A new law signed by Governor Walker makes major changes to how private property can be regulated in Wisconsin. This new law, 2017 Wisconsin Act 67 (the “Act”), makes broad changes. This post addresses two aspects of the Act: changes to conditional use permits and preemption of clauses that merge substandard lots.
Conditional use permits
Before the Act, conditional use permit regulations were a flexible zoning tool that allowed potentially objectionable land uses, but only if the community determined that the use would meet specified standards. For example, a community might use a conditional use process to authorize a restaurant or nightclub in a neighborhood business district, but first require the applicant to demonstrate that the proposed operation will not lead to noise, traffic, or other conflicts with neighboring properties.
Act 67 changes or casts doubt upon several longstanding practices associated with conditional use regulations and proceedings. Historically, Wisconsin courts have upheld ordinances that contained generalized standards allowing the community to consider a proposed conditional use’s impacts on public health, safety, and general welfare. Plan commissions and governing bodies have had the right to consider a broad range of testimony from concerned citizens. Communities have had the right say no to a proposed conditional use, if the applicant failed to convince the community that the proposed use met specified community standards. The Act alters all of these practices.

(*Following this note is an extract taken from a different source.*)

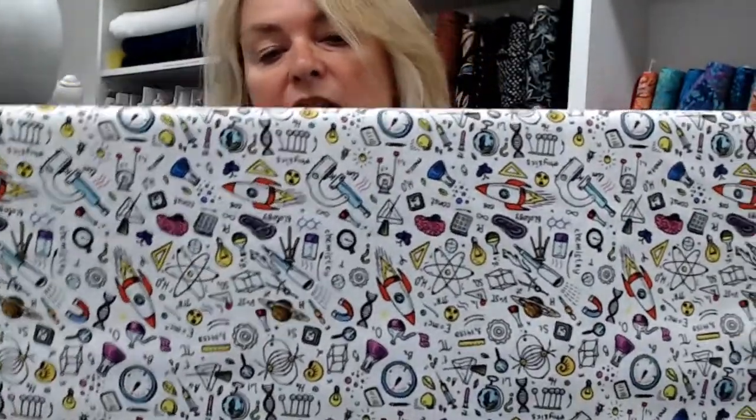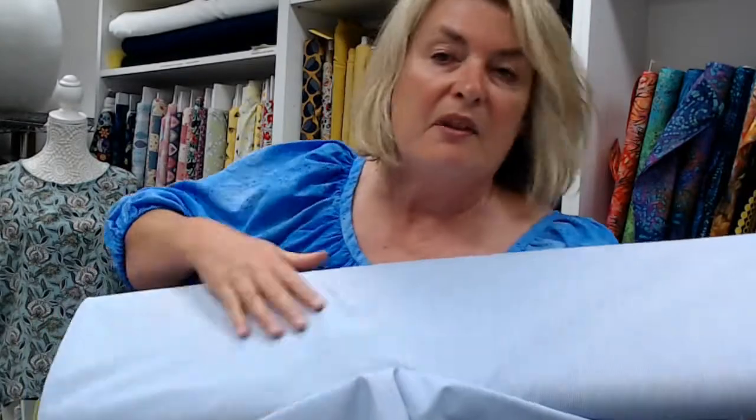For any scientists in your life there's a fabric with space rockets, biology, physics, and chemistry all sorts. Or you could go the more traditional route with a classic tartan brushed cotton, a lovely soft cotton stripe, and lastly - not so masculine but a very soft pale grey with birds all over with a slightly brushed feel, so it feels nice and soft and would be great for pyjamas.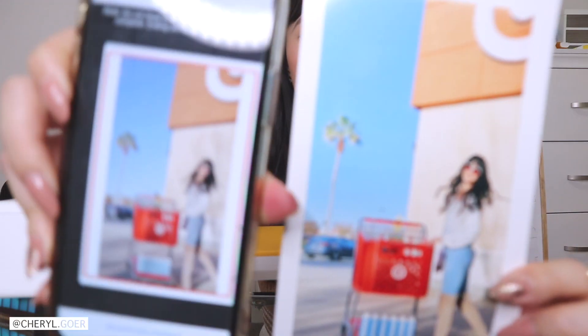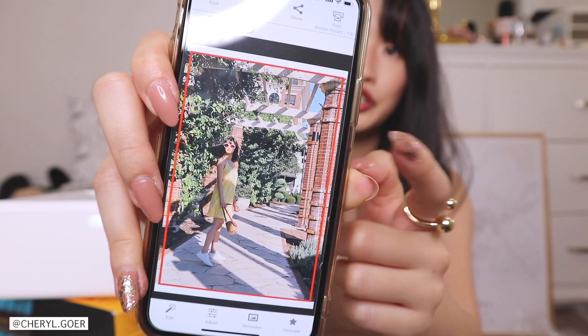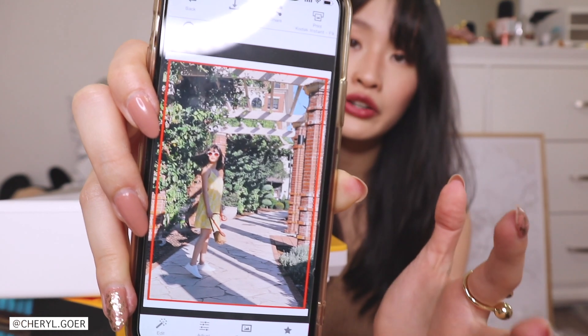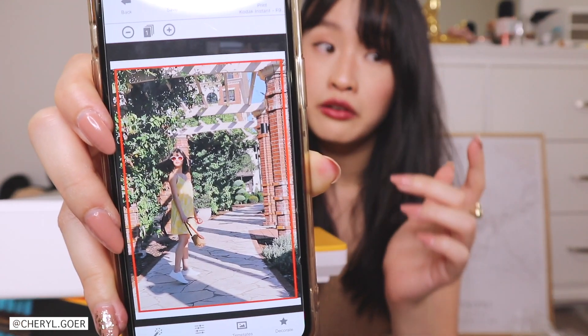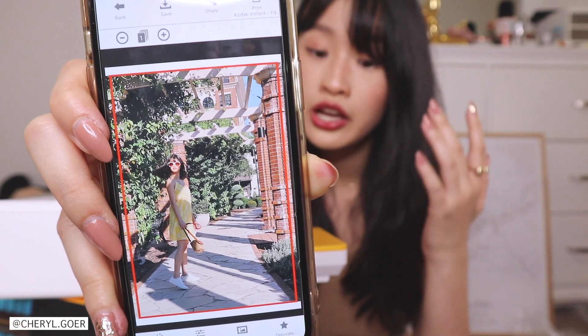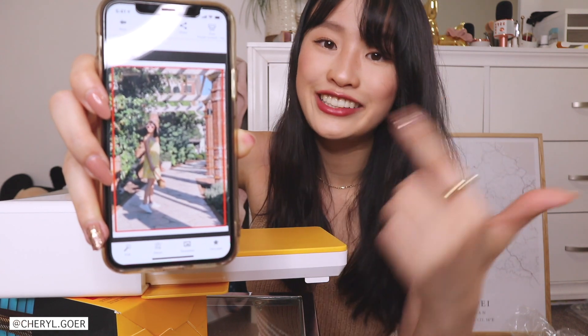Another one — look at that! I feel like it's obvious it's going to turn out amazing no matter what I try, but I want to print more because it's fun. I'm going to test out this next photo because it has a lot of shades and shadows — I think that's a good way to test out a photo printer. A photo with shades and shadows is a great test, so let's do it.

First, the Act requires that standards governing conditional uses be “reasonable and, to the extent practicable, measurable….” This new requirement is certain to spark litigation. We anticipate legal challenges to generalized health, safety, and welfare standards that are common in zoning codes but leave significant discretion to municipal decision-makers. Especially in the short-term, communities will likely struggle to identify standards that will withstand legal scrutiny when challenged under the Act. Even before the courts weight in, it is clear that the Act reduces the flexibility local governments had under prior law.

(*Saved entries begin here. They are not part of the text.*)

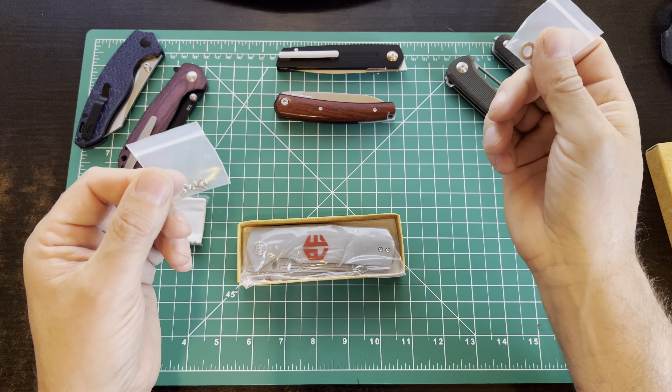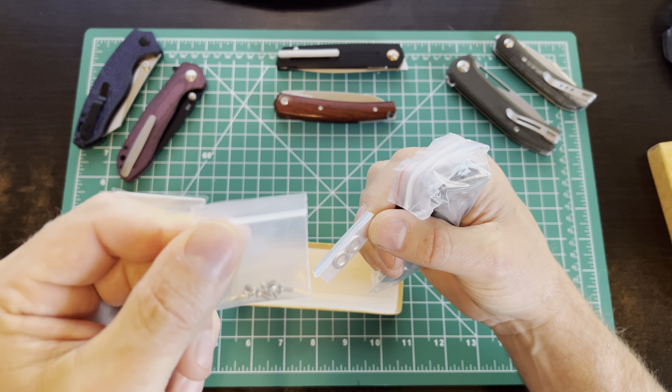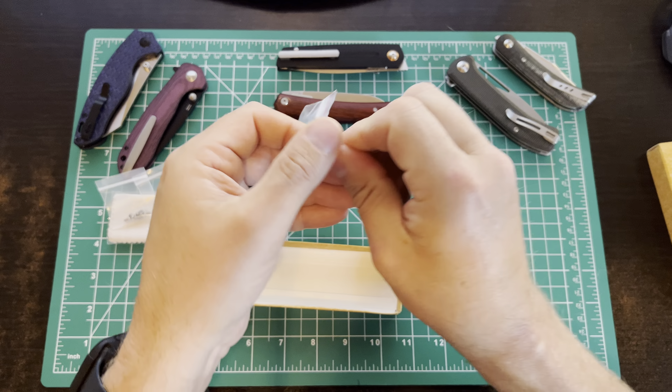It comes packaged up pretty nicely with a microfiber cloth for cleaning. It also includes phosphor bronze washers and extra screws — which is kind of interesting. I've never seen a knife come with extra washers. I've never worn the washers out on a knife, but it's cool that they include a spare set, along with spare screws for everything except the pivot. Comes in a little zip-loc baggie.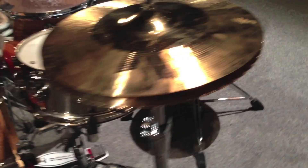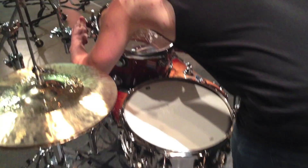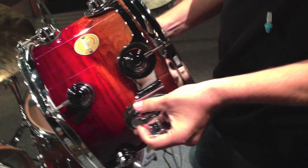And just if you come around the side here, if I move this out of the way and pull this off, you can see just how beautiful this drum is.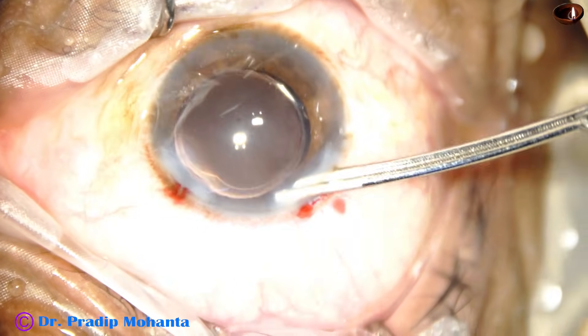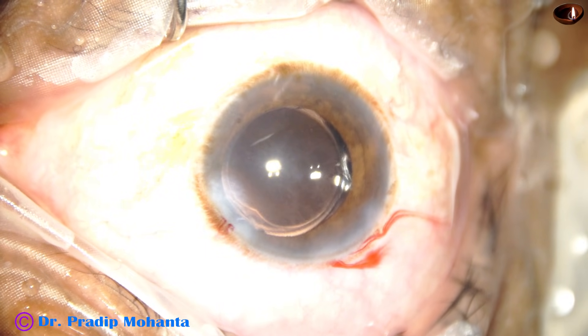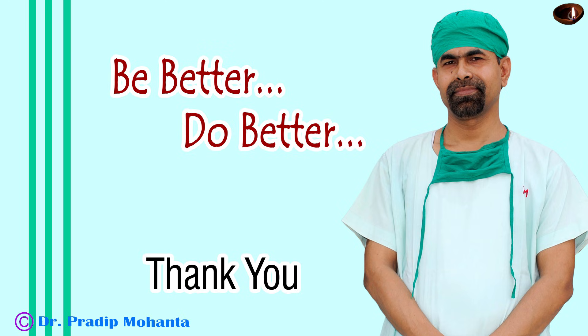The anterior chamber is nicely formed. Integrity of the wounds is checked. A few drops of moxifloxacin is applied over the ocular surface, and the case is concluded. Thank you very much for your attention. Hope this video will help you in developing your skills. Please try different techniques, improve your skills, and customize a particular technique for a particular patient.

Second, the Act prohibits a community from basing a conditional use permit decision on “personal preferences or speculation.” Much public testimony will be subject to challenge under this language. Public testimony from citizens about the impact of a proposed conditional use will be off-limits, unless it is directly tied to “reasonable” and “measurable” standards. The Act enables permit applicants to challenge adverse public testimony on the theory that it improperly expresses personal preferences or contains speculative personal opinions. Members of the public are not always experts in science or the law, and it may prove difficult for many to provide testimony that meets the requirements of the Act.

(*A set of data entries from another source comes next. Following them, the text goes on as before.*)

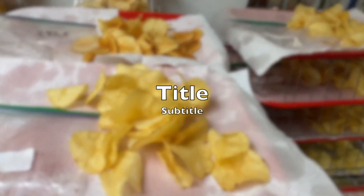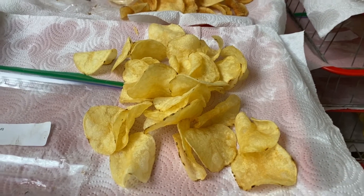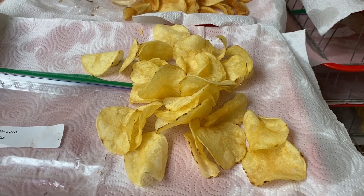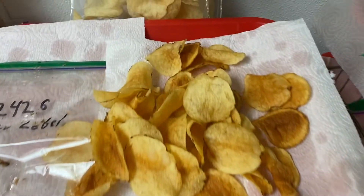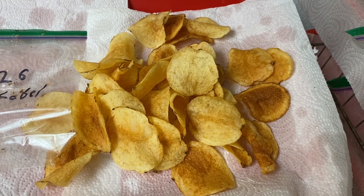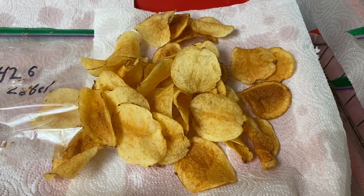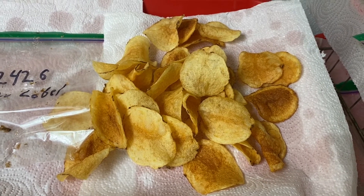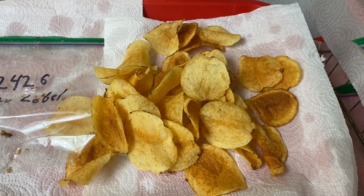Just by looking at those chips — this sample's fry color looks nice, just like the chips we buy from the grocery store. Comparatively, look at this one — we got some very dark color on some of the chips. That means there are high sugar level problems in those tubers, so they will not be acceptable for commercial use.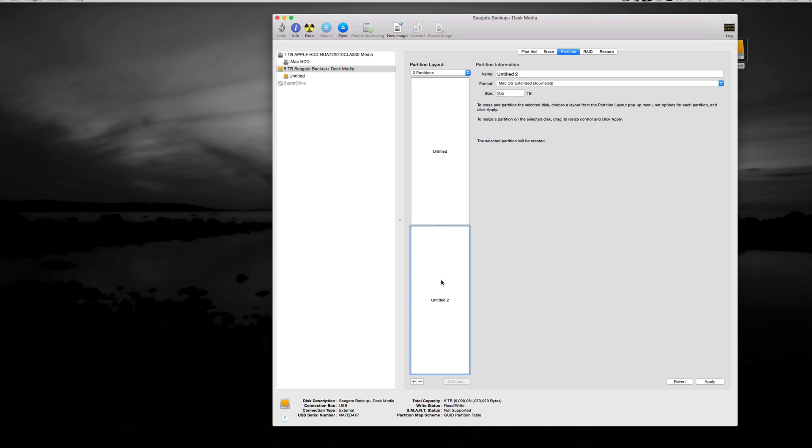Once you click on the plus sign and click on the first partition, it will split it in half — 2.5TB each. Add another partition to divide by three. You can set the sizes however you want. What I need is the first one to be 3TB, the second one 1TB, and the third one 1TB as well. So that's 3 + 1 + 1 = 5TB total. The 3TB partition will be my Time Machine.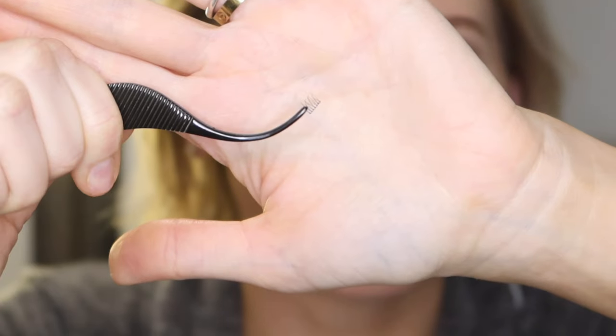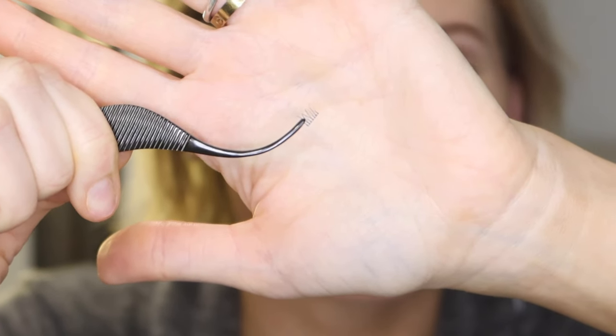I've never tried lashes on my lower lash line, so this should definitely be interesting. I'm going to use the C curl ones. Let me just show you how tiny they are — a tinier lash does not exist. They're just so tiny.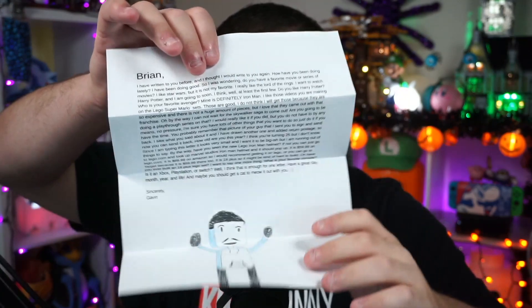This one is from Gavin — it's a pretty long letter so I'm going to read it off camera. Thank you very much, Gavin. I did see your return postage and the thing you want me to sign right here. I will do that because you included the envelope, which is always what I look for. You stuck it together and licked it, which is fine.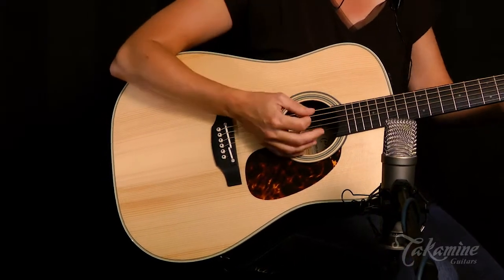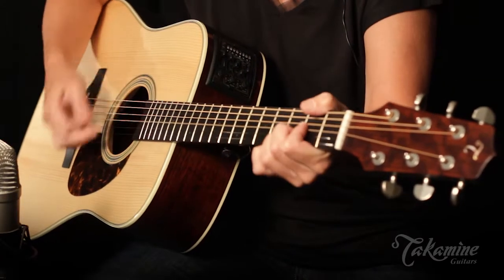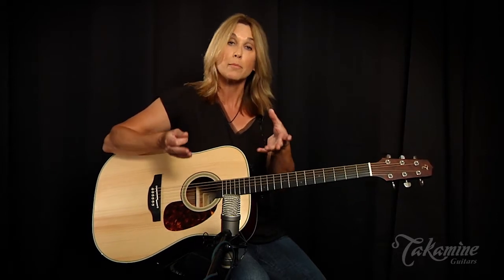The first thing I'm noticing about this is with the Adirondack spruce top, it's got a focused voice, it's very even. I think you're going to appreciate this in the studio where dynamics keeps the evenness throughout, so whatever part you're playing is going to have the same focus and the same projection and the same speak.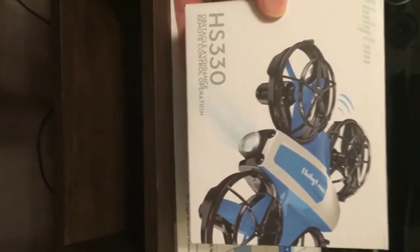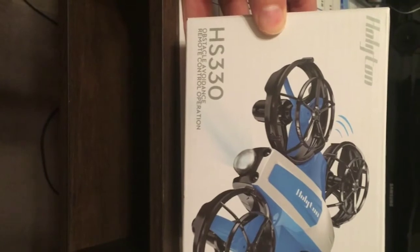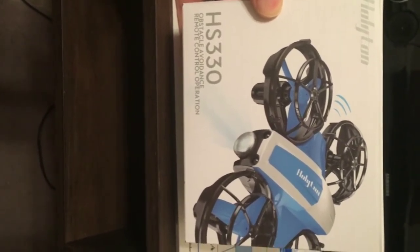Just got a new drone in the mail. This is a Holitron HS330 with obstacle avoidance and remote control operation. It's indicating that it has some features: it is a mini size model, easy for beginners, it's a portable mini drone, modular battery, all-around protection.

Third, the Act instructs that, where an applicant “meets or agrees to meet all of the requirements and conditions specified” in the ordinance or imposed by the decision-maker, the conditional use permit must be granted. This language appears to put the burden on the community to prove that a proposed conditional use cannot meet “reasonable” and “measurable” standards. This reverses prior law, which placed the burden on the applicant to show that it would meet the community’s standards.
In light of these changes, Wisconsin communities will likely reevaluate their ordinances—and even the viability of conditional use regulations. The Act may significantly decrease the incidence of the conditional use process. It may prove much easier for local governments to delete potentially objectionable land uses from their zoning codes than to develop new conditional use standards and practices that comply with the Act.
The Act also creates new statutory provisions, Wis. Stat. § 66.10015(4) and § 227.10(2p), that preempt any ordinance, rule, or action requiring lots to be merged without the consent of the owners. Like the treatment of conditional use permits, this is a significant departure from settled law.
As the U.S. Supreme Court noted earlier this year, merger provisions are “legitimate exercise[s] of government power, as reflected by [their] consistency with a long history or state and local merger regulations that originated nearly a century ago.” Murr v. Wisconsin, 137 S. Ct. 1933, 1947 (2017). Merger provisions are also widespread in Wisconsin, in use by more than two-thirds of Wisconsin counties. See Brief of Amici Curiae Wis. Counties Ass’n, et al. at 7, Murr v. Wisconsin, No. 15-214 (U.S.) (filed June 16, 2016).
The state’s blanket preemption of merger provisions will remove a major tool that local governments and regulatory agencies have used to reduce the number of properties too small to comply with land-use restrictions. “When States or localities first set a minimum lot size, there often are existing lots that do not meet the new requirements, and so local governments will strive to reduce substandard lots in a gradual manner.” Murr, 137 S. Ct. at 1947. As the Supreme Court recognized, one “classic way of doing this” is “by implementing a merger provision, which combines contiguous substandard lots under common ownership, alongside a grandfather clause, which preserves adjacent substandard lots that are in separate ownership.” Id. The Act’s preemption of merger provisions removes this tool to ameliorate the number of substandard lots.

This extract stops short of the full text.